+++ Information supplied +++
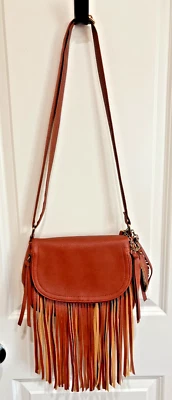 Brown Faux Leather Fringe Purse Crossbody Cato Brand Boho Festival Western - Image 1 of 4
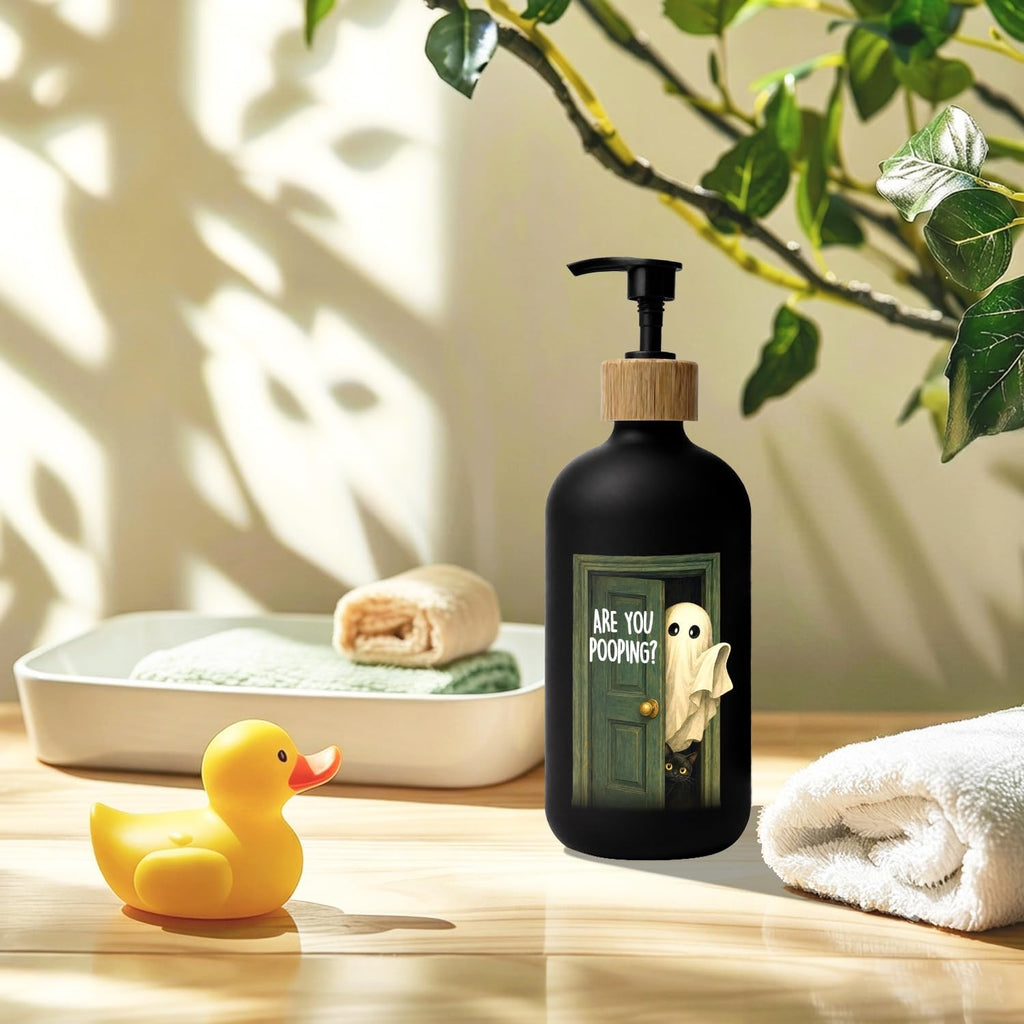 Funny Halloween Bathroom Glass Soap Dispenser with Pump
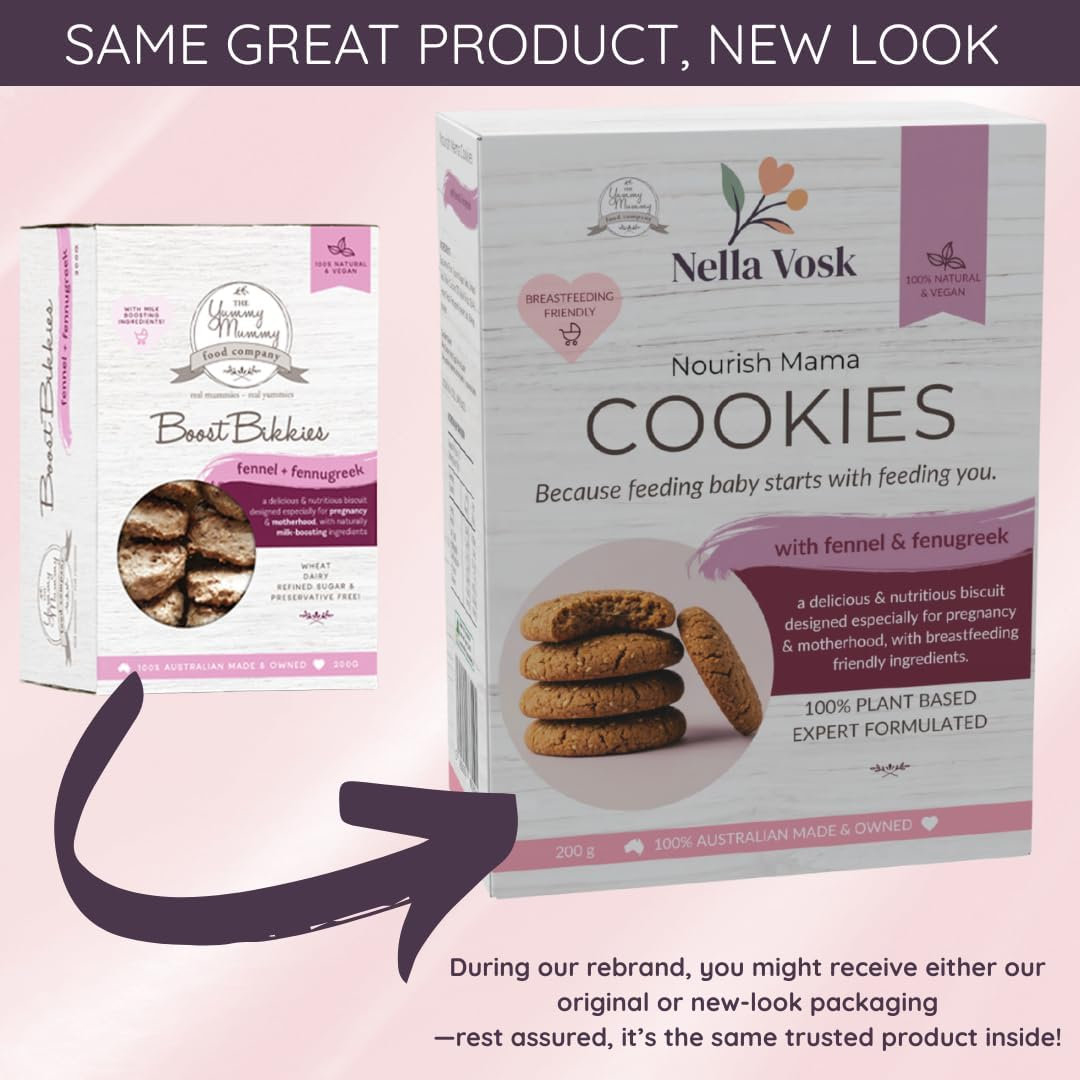 Nella Vosk Lactation Cookies &ndash; Vegan Breastfeeding Snacks for Lactation Support &ndash; Nourishing Biscuits for Breastfeeding Mums &ndash; Thoughtfully Crafted for Sensitive Tummies and Modern Family Wellness (Fennel & Fenugreek) image number 1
+++
:: Exercise ::
Nothing but the pictures may be dropped as you repeat the listing above exactly.

:: Answer section ::
 Brown Faux Leather Fringe Purse Crossbody Cato Brand Boho Festival Western - Image 1 of 4
 Funny Halloween Bathroom Glass Soap Dispenser with Pump
 Nella Vosk Lactation Cookies &ndash; Vegan Breastfeeding Snacks for Lactation Support &ndash; Nourishing Biscuits for Breastfeeding Mums &ndash; Thoughtfully Crafted for Sensitive Tummies and Modern Family Wellness (Fennel & Fenugreek) image number 1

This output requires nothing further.